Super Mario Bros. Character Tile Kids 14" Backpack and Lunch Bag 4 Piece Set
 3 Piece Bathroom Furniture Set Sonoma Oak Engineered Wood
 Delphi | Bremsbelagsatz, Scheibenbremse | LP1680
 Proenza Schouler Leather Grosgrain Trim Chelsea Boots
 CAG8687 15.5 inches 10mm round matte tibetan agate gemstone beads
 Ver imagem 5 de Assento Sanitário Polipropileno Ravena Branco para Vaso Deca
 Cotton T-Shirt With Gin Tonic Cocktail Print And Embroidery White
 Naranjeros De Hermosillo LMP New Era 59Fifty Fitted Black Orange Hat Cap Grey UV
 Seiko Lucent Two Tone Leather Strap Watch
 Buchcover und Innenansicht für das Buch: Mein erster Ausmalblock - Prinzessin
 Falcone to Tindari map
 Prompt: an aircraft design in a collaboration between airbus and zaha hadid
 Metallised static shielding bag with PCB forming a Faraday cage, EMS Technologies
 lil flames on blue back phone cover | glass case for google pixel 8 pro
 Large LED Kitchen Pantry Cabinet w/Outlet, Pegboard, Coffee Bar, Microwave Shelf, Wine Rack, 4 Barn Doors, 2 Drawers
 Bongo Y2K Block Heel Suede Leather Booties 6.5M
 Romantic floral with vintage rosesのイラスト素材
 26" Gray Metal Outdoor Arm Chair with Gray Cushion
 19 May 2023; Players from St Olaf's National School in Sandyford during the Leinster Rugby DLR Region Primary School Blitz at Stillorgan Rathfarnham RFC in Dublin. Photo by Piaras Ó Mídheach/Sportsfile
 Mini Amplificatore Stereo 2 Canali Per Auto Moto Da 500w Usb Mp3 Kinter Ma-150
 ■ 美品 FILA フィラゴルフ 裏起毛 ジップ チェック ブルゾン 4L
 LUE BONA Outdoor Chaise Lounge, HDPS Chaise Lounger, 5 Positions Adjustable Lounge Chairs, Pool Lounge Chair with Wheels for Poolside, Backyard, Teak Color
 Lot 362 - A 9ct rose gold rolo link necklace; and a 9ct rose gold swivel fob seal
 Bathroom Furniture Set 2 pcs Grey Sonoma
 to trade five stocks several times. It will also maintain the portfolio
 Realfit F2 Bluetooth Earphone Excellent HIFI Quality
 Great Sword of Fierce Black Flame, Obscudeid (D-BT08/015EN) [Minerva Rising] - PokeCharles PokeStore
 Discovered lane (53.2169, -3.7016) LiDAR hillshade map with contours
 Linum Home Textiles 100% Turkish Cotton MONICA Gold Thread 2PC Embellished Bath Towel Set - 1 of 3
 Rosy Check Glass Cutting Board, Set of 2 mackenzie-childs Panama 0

——

→ **What the task requires**
An exact, complete copy of the lines above from the one with "19 May 2023;" through the one with "Discovered lane (53.2169, -3.7016)" is the whole answer.

→ **Written answer**
 19 May 2023; Players from St Olaf's National School in Sandyford during the Leinster Rugby DLR Region Primary School Blitz at Stillorgan Rathfarnham RFC in Dublin. Photo by Piaras Ó Mídheach/Sportsfile
 Mini Amplificatore Stereo 2 Canali Per Auto Moto Da 500w Usb Mp3 Kinter Ma-150
 ■ 美品 FILA フィラゴルフ 裏起毛 ジップ チェック ブルゾン 4L
 LUE BONA Outdoor Chaise Lounge, HDPS Chaise Lounger, 5 Positions Adjustable Lounge Chairs, Pool Lounge Chair with Wheels for Poolside, Backyard, Teak Color
 Lot 362 - A 9ct rose gold rolo link necklace; and a 9ct rose gold swivel fob seal
 Bathroom Furniture Set 2 pcs Grey Sonoma
 to trade five stocks several times. It will also maintain the portfolio
 Realfit F2 Bluetooth Earphone Excellent HIFI Quality
 Great Sword of Fierce Black Flame, Obscudeid (D-BT08/015EN) [Minerva Rising] - PokeCharles PokeStore
 Discovered lane (53.2169, -3.7016) LiDAR hillshade map with contours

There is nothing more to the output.